Ze smutkiem przeczytałam odważną wypowiedź pana sędziego Łukasza Piebiaka o łowcach numerków, opublikowaną w „Rzeczpospolitej" 13 kwietnia. Istotnie, żadna reforma mająca przyspieszyć rozpoznawanie spraw nie wytrzyma zderzenia z zarządzeniami prezesów sądów nakazującymi wyznaczanie co najmniej ośmiu rozpraw dziennie. A przecież sprawne rozstrzyganie – coraz trudniejszych – spraw zwiększa szanse na wykonanie prawomocnego wyroku, budując poczucie sprawiedliwości i zaufanie do państwa i prawa.
Jak pogodzić obowiązek „obsądzenia" ośmiu spraw dziennie z art. 47916 kodeksu postępowania cywilnego, zgodnie z którym sąd powinien dążyć do wydania wyroku w terminie trzech miesięcy od dnia wniesienia powództwa? To jest niemożliwe, choć przepis ładnie wygląda w kodeksie. W ciągu 15 lat wykonywania zawodu radcy prawnego nigdy nie otrzymałam w takim terminie rozstrzygnięcia sądu I instancji, a nie mam na myśli wyłącznie sądów gospodarczych w Warszawie.
Ma rację pan sędzia Piebiak, że dowody osobowe powinny być przeprowadzone na jednej, najwyżej dwóch rozprawach, najlepiej w tym samym tygodniu (jak to się zwykle odbywa przed sądem polubownym). Wówczas i sąd, i strony pamiętają treść zeznań świadków i nie muszą „uczyć się" sprawy od
początku. Pamiętam zdumienie pełnomocników, gdy dwa lata temu na pierwszej rozprawie sąd zaplanował postępowanie dowodowe wymagające przesłuchania 15 świadków i wyznaczył pięć kolejnych rozpraw w odstępach miesięcznych. Wpadliśmy w euforię, że jest szansa na zakończenie sprawy w tym samym roku, w którym weszła na wokandę.

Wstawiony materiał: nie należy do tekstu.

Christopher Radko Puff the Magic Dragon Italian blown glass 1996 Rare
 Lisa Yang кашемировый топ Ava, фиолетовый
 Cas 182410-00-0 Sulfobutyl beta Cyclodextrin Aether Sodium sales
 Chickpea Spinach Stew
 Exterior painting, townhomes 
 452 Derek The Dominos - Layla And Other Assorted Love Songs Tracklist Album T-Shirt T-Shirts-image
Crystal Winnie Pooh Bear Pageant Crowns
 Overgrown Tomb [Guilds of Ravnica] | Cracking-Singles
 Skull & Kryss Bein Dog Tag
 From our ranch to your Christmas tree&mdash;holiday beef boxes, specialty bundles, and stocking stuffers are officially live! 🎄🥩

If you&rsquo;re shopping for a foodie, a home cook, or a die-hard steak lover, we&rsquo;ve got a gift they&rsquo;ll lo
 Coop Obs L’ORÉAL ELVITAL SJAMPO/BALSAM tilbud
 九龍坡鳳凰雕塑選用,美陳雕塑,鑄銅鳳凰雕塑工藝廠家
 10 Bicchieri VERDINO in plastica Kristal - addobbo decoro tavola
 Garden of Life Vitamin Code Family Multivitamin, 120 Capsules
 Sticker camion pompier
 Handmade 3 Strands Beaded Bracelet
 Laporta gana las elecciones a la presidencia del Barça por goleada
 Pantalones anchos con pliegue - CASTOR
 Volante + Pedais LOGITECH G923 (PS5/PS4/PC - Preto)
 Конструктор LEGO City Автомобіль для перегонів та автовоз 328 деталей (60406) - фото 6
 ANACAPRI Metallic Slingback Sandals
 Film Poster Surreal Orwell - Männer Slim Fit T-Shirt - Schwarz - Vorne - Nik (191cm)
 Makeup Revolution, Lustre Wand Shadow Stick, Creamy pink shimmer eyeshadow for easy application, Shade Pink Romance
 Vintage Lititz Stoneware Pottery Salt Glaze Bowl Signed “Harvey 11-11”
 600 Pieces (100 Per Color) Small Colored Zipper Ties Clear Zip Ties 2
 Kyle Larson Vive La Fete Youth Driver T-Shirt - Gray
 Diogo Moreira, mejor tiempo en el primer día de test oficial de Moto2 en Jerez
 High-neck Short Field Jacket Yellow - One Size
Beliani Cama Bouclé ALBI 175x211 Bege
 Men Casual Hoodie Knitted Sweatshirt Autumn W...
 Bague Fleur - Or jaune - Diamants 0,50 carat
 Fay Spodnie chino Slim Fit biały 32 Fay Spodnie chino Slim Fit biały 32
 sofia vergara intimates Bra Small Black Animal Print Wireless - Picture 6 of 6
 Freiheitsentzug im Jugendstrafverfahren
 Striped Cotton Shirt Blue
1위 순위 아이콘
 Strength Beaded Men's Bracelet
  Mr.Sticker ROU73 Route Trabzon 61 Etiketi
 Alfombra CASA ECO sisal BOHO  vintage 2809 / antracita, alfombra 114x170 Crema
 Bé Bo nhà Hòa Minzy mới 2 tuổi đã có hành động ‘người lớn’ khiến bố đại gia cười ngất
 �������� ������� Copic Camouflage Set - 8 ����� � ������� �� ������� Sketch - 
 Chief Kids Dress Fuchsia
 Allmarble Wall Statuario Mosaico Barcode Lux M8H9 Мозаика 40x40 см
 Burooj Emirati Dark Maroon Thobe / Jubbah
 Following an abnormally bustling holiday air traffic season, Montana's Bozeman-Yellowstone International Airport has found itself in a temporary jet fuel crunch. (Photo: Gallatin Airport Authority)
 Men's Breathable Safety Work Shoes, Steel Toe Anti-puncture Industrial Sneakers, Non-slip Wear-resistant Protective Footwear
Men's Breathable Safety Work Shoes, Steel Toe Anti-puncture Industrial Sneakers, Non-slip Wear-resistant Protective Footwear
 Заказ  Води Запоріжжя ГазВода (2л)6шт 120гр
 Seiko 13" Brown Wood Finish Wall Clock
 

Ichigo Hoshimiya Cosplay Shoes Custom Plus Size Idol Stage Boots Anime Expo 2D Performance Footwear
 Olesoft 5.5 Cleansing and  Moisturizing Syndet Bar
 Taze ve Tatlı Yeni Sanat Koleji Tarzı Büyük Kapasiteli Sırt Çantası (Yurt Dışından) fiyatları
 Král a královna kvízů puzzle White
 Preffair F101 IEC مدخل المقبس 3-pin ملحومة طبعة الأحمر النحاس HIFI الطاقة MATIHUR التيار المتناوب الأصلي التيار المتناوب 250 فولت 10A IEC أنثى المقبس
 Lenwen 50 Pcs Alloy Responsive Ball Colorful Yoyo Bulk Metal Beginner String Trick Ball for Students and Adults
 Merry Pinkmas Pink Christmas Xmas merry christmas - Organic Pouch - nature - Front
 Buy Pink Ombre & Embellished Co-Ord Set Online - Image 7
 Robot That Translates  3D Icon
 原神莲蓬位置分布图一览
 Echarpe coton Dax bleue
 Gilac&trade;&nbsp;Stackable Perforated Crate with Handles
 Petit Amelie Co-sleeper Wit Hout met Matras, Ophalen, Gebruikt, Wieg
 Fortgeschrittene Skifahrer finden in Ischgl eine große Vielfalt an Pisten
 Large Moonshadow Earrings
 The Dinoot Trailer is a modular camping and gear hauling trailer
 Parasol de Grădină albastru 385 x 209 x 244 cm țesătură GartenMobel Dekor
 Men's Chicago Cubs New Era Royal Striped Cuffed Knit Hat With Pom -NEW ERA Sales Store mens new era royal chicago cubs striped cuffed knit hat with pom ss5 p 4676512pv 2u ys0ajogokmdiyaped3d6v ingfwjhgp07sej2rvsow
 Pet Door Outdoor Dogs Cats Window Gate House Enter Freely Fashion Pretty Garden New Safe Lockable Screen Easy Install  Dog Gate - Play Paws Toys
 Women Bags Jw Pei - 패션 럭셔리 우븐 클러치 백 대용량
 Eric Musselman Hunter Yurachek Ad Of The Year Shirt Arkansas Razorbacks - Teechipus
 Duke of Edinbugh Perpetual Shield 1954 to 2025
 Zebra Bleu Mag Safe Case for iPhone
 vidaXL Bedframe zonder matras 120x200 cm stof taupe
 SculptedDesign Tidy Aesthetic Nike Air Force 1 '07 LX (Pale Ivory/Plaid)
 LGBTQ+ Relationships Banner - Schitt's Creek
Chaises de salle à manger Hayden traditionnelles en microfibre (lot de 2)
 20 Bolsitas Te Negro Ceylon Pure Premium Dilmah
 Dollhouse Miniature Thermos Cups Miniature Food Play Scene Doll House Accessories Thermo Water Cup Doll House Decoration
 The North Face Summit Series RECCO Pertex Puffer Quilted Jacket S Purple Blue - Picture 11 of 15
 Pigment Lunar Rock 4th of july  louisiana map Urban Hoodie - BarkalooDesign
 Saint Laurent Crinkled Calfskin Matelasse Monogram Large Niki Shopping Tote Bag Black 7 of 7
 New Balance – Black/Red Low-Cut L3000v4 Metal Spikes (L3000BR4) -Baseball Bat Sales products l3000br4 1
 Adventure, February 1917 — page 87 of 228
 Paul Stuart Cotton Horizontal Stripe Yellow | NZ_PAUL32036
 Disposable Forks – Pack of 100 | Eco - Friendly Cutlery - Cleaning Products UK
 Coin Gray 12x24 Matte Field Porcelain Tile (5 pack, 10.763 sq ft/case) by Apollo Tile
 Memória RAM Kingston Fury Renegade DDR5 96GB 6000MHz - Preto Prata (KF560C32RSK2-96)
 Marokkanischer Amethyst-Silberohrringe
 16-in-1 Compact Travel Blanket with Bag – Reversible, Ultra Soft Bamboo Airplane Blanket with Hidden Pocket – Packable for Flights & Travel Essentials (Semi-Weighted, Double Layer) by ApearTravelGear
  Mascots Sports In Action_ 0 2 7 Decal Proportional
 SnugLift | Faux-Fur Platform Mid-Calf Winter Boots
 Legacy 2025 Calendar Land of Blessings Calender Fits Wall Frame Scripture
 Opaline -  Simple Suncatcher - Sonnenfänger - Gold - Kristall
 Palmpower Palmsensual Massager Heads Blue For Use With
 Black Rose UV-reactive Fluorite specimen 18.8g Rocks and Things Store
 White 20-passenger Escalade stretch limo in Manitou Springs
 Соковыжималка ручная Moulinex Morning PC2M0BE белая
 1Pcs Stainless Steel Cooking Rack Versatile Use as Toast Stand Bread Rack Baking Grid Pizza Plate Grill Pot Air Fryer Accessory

Nakaz wyznaczania ośmiu spraw to marnotrawstwo czasu i pieniędzy, a także dyskomfort sędziów i pełnomocników. Gdy klient pyta, czemu na kolejną rozprawę ma czekać pół roku, pełnomocnik zwykle odpowiada, że przyczyną jest nadmierne obciążenie sądów. Dla klienta to nie jest wytłumaczenie, zwłaszcza jeśli sprawa weszła na wokandę po kilku miesiącach od złożenia pozwu.